В гостинице я застукал Феликса О'Брайена на корточках перед холодильником. Я вошел очень тихо, и он меня не услышал. Поставив супницу перед собой и вооружившись большой поварешкой, О'Брайен самозабвенно жрал. Его набитый рот был перемазан соусом, рядом на полу стояла бутылка пива «Будвайзер».
— Приятного аппетита, Феликс, — сказал я.
— Вот черт! — проговорил он, роняя поварешку. — Вот невезуха! — И тут же приступил к объяснениям. — Видите ли, господин Зоммер, человек слаб, особенно ночью, когда он совсем один…
Я углядел, что русскую водку он не тронул. Все-таки этикетка подействовала!
— Ешьте спокойно, Феликс! — сказал я ему. — Там еще и торт есть. Огурчики вы уже смели?
Он сокрушенно кивнул.
— Вот и хорошо. Доедайте все остальное, — сказал я. Водянистые глаза Феликса пробежались по полкам открытого холодильника.
— Мне этого не осилить. Но если вы разрешите, я бы взял домой для своих. Тут еще полно еды.
— Ради Бога. Только супницу обратно принесите. Не разбитую. Она чужая.
— Ну конечно, не разбитую. Вы истинный христианин, господин Зоммер, хотя и еврей.
Я пошел к себе в комнату. «Страх, — думал я. — Есть столько разных видов страха». Я вспомнил Розенталя с его извращенными понятиями о верности. Впрочем, сейчас, ночью, они уже не казались мне такими извращенными. И даже казались не очень чуждыми. Ночью все совсем по-другому, ночью правят иные законы, чем средь бела дня.

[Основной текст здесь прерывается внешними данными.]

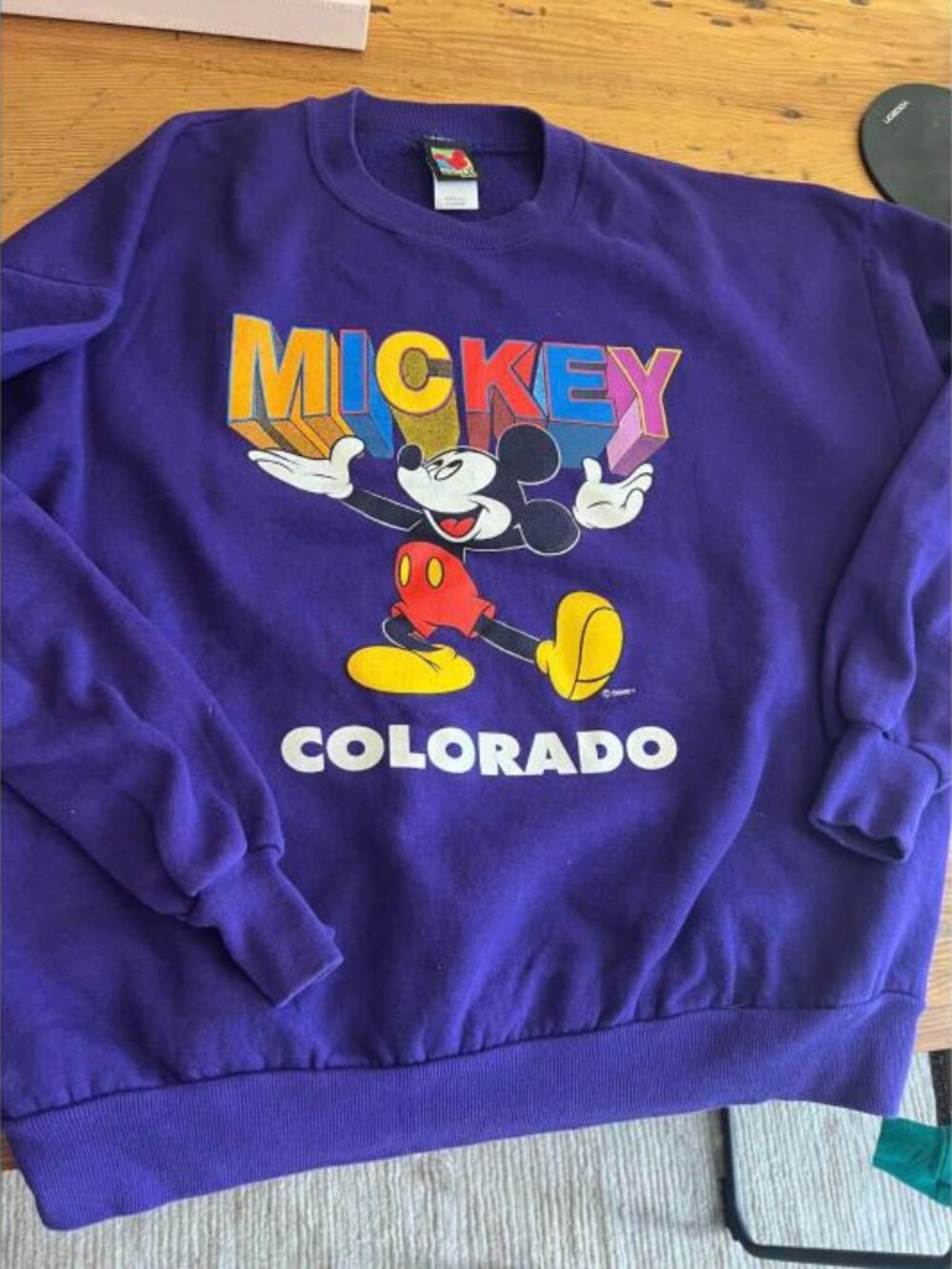 Vintage Disney Mickey Mouse Colorado Purple Crewneck Sweatshirt XL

Я повесил старый, зоммеровский костюм в шкаф, предварительно вытащив все из карманов. На глаза мне попалось письмо эмигранта Заля, которое я так и не отправил: «…и откуда мне было знать, что они даже женщин и детей отправляют в лагерь! Надо было мне с вами остаться. Я так раскаиваюсь. Рут, любимая, я столь часто вижу тебя во сне. И ты все время плачешь…»
Я бережно отложил письмо в сторонку. Внизу тягуче запел негр, выносивший мусор.
Если у Силвера я трудился в катакомбах под землей, то у Реджинальда Блэка меня перевели под крышу. Мне надлежало, сидя в мансарде, а по сути на чердаке, каталогизировать все, что Блэк успел купить и продать за свою жизнь, снабдив фотографии картин подписями об их происхождении с указанием источников информации. Это была легкая работа. Я сидел в большом, светлом чердачном помещении с выходом на террасу, откуда открывался вид на Нью-Йорк. Окружив себя ворохом фотографий, я погружался в работу, иногда ловя себя на странном ощущении, будто сижу в Париже, над Сеной, где-нибудь на набережной Августина.